Aim of the exercise: Nothing but an exact repeat of the data, with pictures removed, belongs in the answer.

Given material:
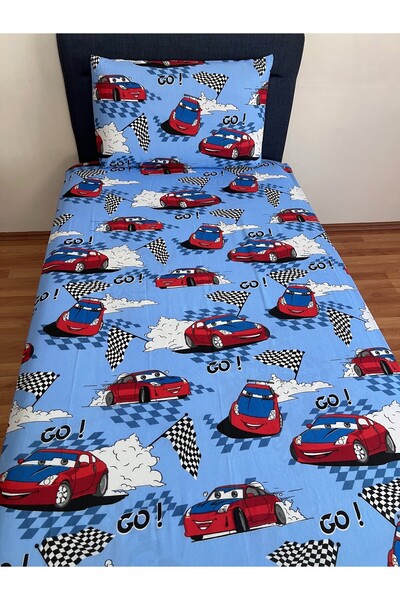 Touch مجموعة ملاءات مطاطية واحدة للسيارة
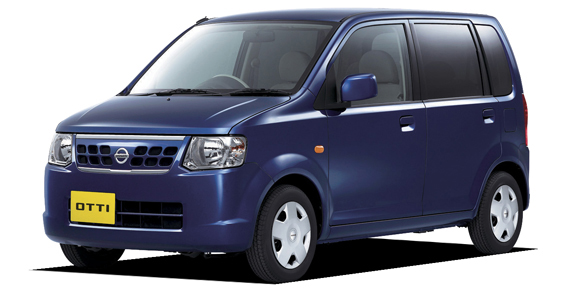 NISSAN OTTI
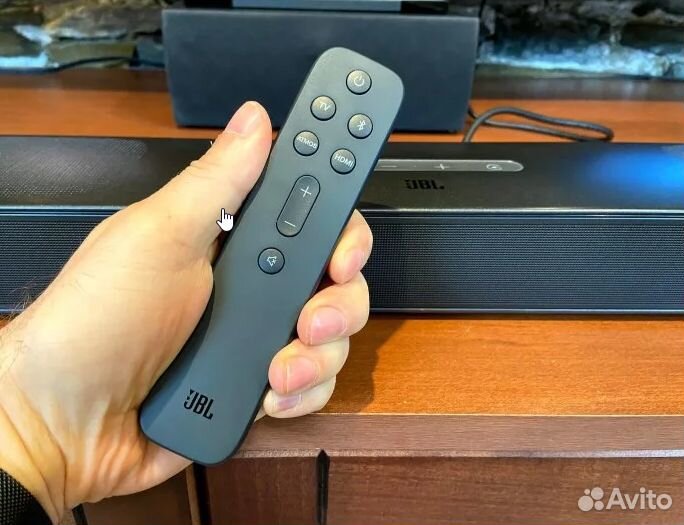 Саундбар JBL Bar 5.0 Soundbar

Result of the exercise:
 Touch مجموعة ملاءات مطاطية واحدة للسيارة
 NISSAN OTTI
 Саундбар JBL Bar 5.0 Soundbar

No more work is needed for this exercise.